劇場公開日 2025年2月21日

「ジェシカ・チャステインだからこそ!」あの歌を憶えている グレシャムの法則さんの映画レビュー(感想・評価)

4.0ジェシカ・チャステインだからこそ!

2025年2月22日
iPhoneアプリから投稿

#me too運動から繋がる啓発の映画なのだと思います。

PTSDを抱える人は決して忘れることはないのに、見て見ぬふりをした人は、後悔したとしても一時的だったりする。下手をすると(決して口にはしないけれど)被害者本人に対して、もう過去のことは忘れて前を向いてくれないかな、俺たち(加害者側)の気持ちを楽にしてくれるために。くらいのことを内心思ってたりもする。

私だって小学生の時に、イジメ(そのクラスメートをひどいあだ名で呼んでいた)に加担したことがあるし、中学生の時はイジメではないけれど、勘違いの理由で皆んなが見てる中で友達を殴って、結局謝れなかったままだ。

でも、長い間すっかり忘れていた。思い出したことがあったとしても、年月とともに思い出したこと自体も忘れていたりする。
こんな風に映画レビューを書くようになって、色んなことを考えるようになってから、そういえば、あんなことやこんなことをオレもやってたな、とあらためて思い出すことができたのかもしれない。

だから今、もしその相手と出会う機会があれば、相手が覚えていようが、忘れていようが謝るつもりでいる。
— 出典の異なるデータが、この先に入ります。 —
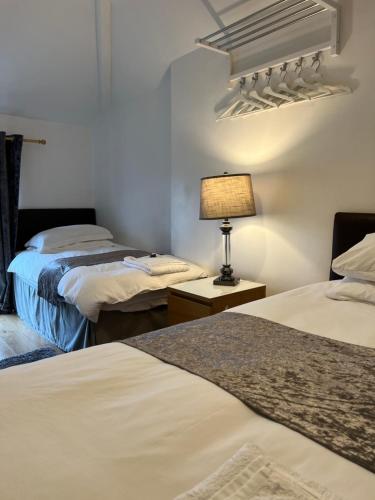 カーディフにあるMayfair Guest Houseのベッド2台、ランプ1台が備わる客室です。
味方だと思ってた人たちが、実は何もしてくれてなくて、世界は圧倒的に孤独なんだと思いながら自分と娘を守って生きている。だから、神経質なまでの施錠とセキュリティシステムを笑うことは誰にもできない。
どんな相手であれ、救いや癒やしをもたらしてくれる人は誰よりも愛おしい。

この映画の主人公がジェシカ・チャステインでなければ、そんなふうに考えることもなく、退屈な映画としてすぐに忘れてしまったと思う。